Processing copper-intermetallic fibrous composites from copper and titanium powders
Renata Mola, Andrzej Dziadoń, Jarosław Mazurek
Quarterly No. 2, 2011 pages 125-129
DOI:
keywords: powder metallurgy, copper matrix composites, extrusion, compression test
abstract Copper-intermetallic fibrous composites were produced using the powder metallurgy method followed by extru-sion. The mixtures of Cu powder with 1 wt.% Ti; 2.5 wt.% Ti and 5 wt.% Ti powder were cold pressed and sintered at a temperature of 850oC. The sintered material was extruded using the KOBO method. During extrusion the hard particles containing copper- titanium intermetallic phases undergo a plastic deformation assuming a fibrous shape as the processed composite consists of a copper matrix reinforced with fibrous particles of copper-titanium intermetallic phases. Metallographic examinations of the composites revealed uniform distribution of the reinforcing particles in the copper matrix. SEM investigations and X-ray microprobe analysis showed that as a result of sintering intermetallic phases were synthesized at the Cu-Ti interface. The Ti-Cu reaction products were composed of intermetallic phases in the external zone (at the copper-titanium interface) and the core containing a solid solution of copper in titanium. The microhardness of the reinforcing particles was 760 HV0.65. The samples of the composites and sintered unreinforced copper were examined in a compression test, parallel and perpendicular to the extrusion direction. The yield strength value of the composites increases with an increase in the number of reinforcing particles in the copper matrix.
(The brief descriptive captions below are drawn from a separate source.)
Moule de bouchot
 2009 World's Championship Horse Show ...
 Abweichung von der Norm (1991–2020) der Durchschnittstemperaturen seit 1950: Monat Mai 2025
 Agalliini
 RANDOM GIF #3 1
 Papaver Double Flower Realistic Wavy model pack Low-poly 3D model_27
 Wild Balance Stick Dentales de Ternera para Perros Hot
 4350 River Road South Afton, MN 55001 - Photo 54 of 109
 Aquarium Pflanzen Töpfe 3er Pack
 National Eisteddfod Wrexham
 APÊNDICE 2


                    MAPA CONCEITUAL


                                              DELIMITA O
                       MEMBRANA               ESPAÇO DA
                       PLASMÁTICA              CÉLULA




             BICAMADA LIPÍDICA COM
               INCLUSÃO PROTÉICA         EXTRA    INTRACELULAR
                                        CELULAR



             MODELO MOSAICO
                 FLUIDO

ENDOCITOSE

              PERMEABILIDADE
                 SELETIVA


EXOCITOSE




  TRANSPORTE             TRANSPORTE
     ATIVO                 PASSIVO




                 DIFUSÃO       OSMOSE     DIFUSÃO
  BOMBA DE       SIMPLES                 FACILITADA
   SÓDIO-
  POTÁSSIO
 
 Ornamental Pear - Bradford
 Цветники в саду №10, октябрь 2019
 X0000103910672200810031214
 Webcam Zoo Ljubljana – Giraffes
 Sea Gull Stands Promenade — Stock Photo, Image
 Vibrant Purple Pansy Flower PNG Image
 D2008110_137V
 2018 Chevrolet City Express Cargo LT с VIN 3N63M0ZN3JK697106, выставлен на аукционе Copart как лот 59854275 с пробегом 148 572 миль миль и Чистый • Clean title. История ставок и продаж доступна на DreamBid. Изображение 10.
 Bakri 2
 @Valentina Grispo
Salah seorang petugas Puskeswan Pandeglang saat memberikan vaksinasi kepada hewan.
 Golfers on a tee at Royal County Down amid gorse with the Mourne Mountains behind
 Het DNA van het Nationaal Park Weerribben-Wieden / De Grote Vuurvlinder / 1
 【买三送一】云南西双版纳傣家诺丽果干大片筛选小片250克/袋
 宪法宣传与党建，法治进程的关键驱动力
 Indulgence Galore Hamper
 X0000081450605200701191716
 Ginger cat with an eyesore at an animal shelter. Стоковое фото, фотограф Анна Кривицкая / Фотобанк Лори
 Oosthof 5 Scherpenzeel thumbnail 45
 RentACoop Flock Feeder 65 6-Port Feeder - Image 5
Mechanic anisotropy was observed for the Cu-2.5wt.% Ti and Cu-5wt.% Ti composites: the yield strength was higher for the composites loaded parallel to the extrusion direction than for those loaded perpendicular. The yield strength of the Cu-2.5wt.% Ti and Cu-5wt.% Ti copper-intermetallic fibrous composites was several times higher than that of the unreinforced copper.